Que se passe-t-il après des inondations, des incendies, après les tempêtes, après la guerre ? Petit à petit, la vie reprend ses droits et, réunis face à ces terribles fléaux, les populations se retrouvent dans une solidarité de circonstance pour reconstruire, réparer, recréer, relancer. Les situations difficiles à travers le monde incitent déjà à prendre le chemin de la réparation.
Des ONG tentent de restaurer la biodiversité, d’accompagner les populations sur tous les continents pour repenser leur habitat, leur agriculture, la gestion de la ressource en eau. Scientifiques et ingénieurs travaillent de concert pour innover, réduire la consommation d’énergie et trouver des alternatives durables aux énergies fossiles.
Des collectifs de citoyens inventent de nouvelles façons de consommer, d’habiter, d’interagir, cultiver et se cultiver. On recycle, on réutilise, on répare, on consomme d’occasion… Des bénévoles s’engagent pour prendre en charge les détresses sociales, psychologiques et humanitaires.
Pour le moment, le sentiment d’urgence peine à s’imposer malgré les alertes multiples sur l’état du Monde et de l’Humanité et les réussites des initiatives diverses sont plus le fait de convictions personnelles que de réels schémas économiques offrant de l’emploi. On se rend pourtant compte que les enjeux sont immenses si nous voulons un environnement de vie acceptable et il est certain que les efforts vont devoir être plus organisés, plus coordonnés, quitte à rogner sur les extravagances de la libre concurrence et de la mondialisation. Si ce constat n’est pas encore partagé par tous, ni acquis, il va s’imposer aux conservateurs de tous poils par la force des choses.

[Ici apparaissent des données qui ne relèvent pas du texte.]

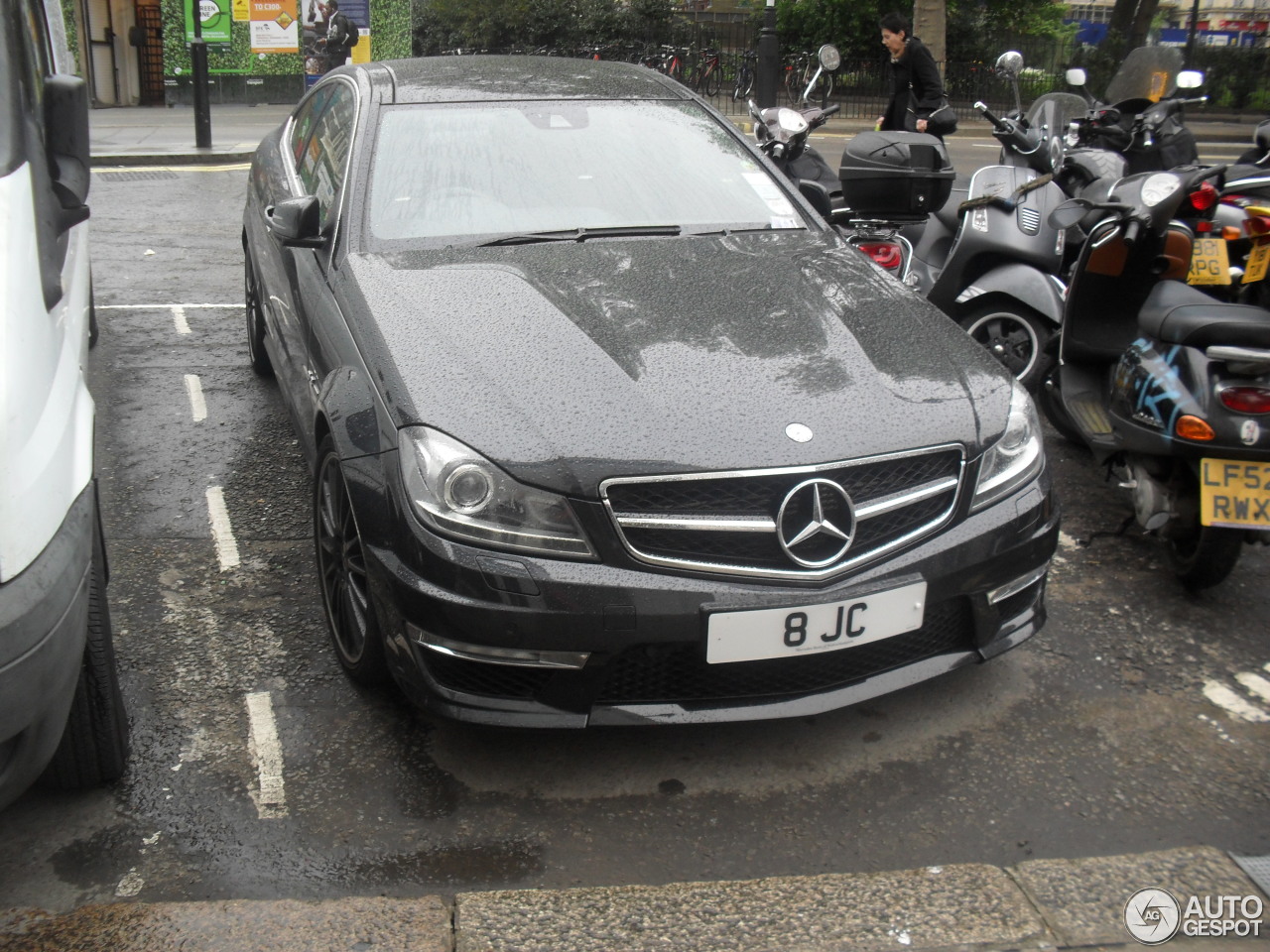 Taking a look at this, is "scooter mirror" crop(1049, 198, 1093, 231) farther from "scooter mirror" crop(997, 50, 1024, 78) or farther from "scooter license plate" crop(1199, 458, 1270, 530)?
"scooter mirror" crop(997, 50, 1024, 78)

Dans ce contexte de crise sanitaire qui doit nous ouvrir les yeux sur la fragilité d’un monde qu’on croyait maîtriser, il est temps de prendre conscience de la tâche qui nous attend pour réparer les dégâts de nos excès. Plutôt que d’en faire une corvée amère en accusant son prochain de tous les maux qui nous touchent, elle doit devenir une formidable occasion de créer une solidarité volontaire et joyeuse pour réparer par la même occasion le cœur des gens.